** Opening Extracted information block **
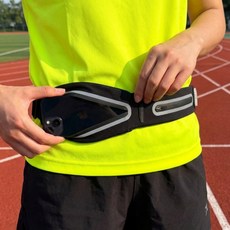 밀리오 러닝벨트 마라톤가방 플립벨트 [4세대], 1개, 블랙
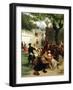 Fete Champetre, 1878-Emile Antoine Bayard-Framed Premium Giclee Print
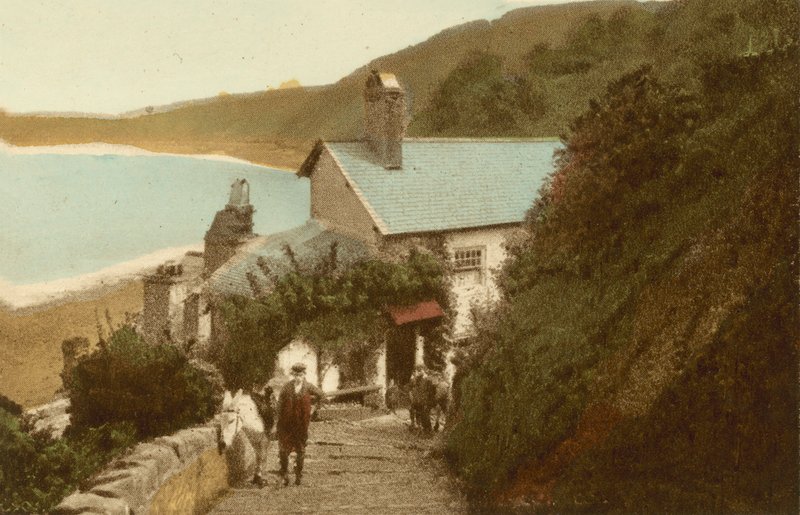 Clovelly, Rose Cottage by English Photographer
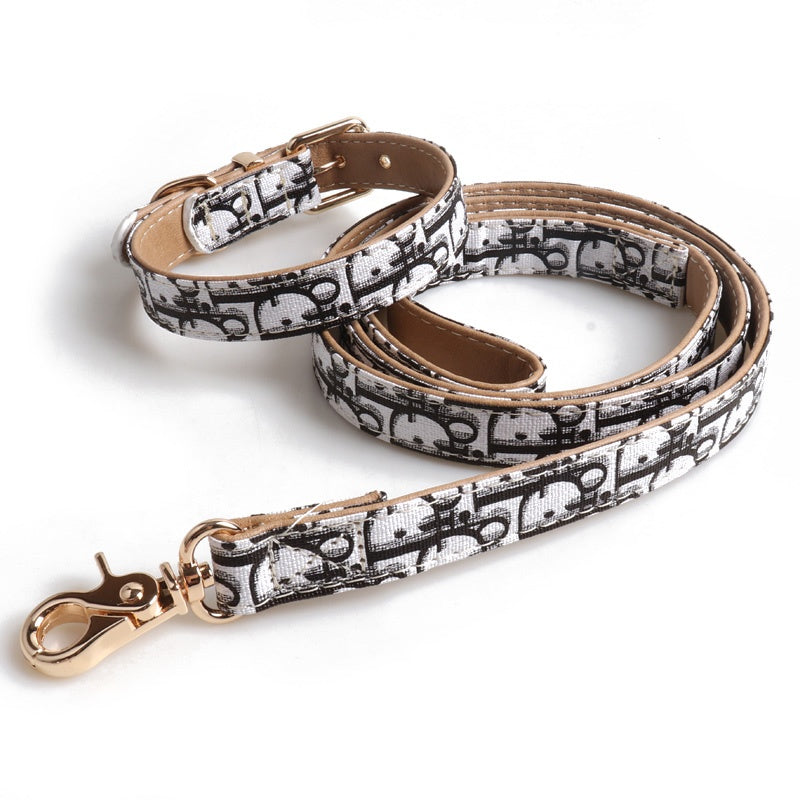 Set Collare e guinzaglio per cani in 3 colori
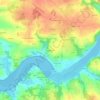 Mappa topografica Les Maguers, altitudine, rilievo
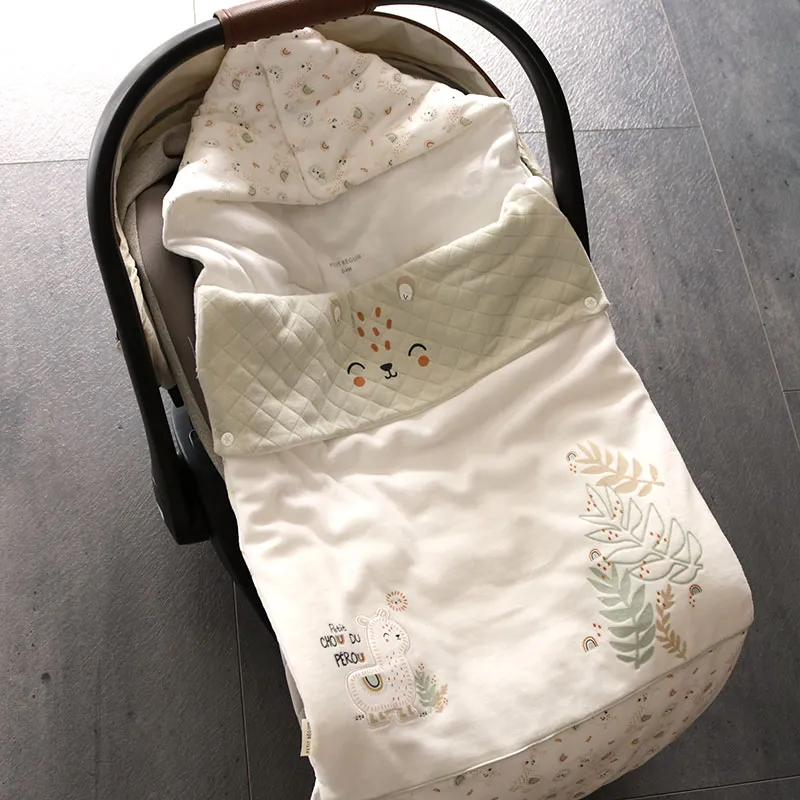 Nid d'ange Petit Chou du Pérou - Blanc/Vert-3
** Closing Extracted information block **
■ **Instructions for the task**:
Give every record again exactly, apart from the pictures, which stay out.

■ **Solution**:
 밀리오 러닝벨트 마라톤가방 플립벨트 [4세대], 1개, 블랙
 Fete Champetre, 1878-Emile Antoine Bayard-Framed Premium Giclee Print
 Clovelly, Rose Cottage by English Photographer
 Set Collare e guinzaglio per cani in 3 colori
 Mappa topografica Les Maguers, altitudine, rilievo
 Nid d'ange Petit Chou du Pérou - Blanc/Vert-3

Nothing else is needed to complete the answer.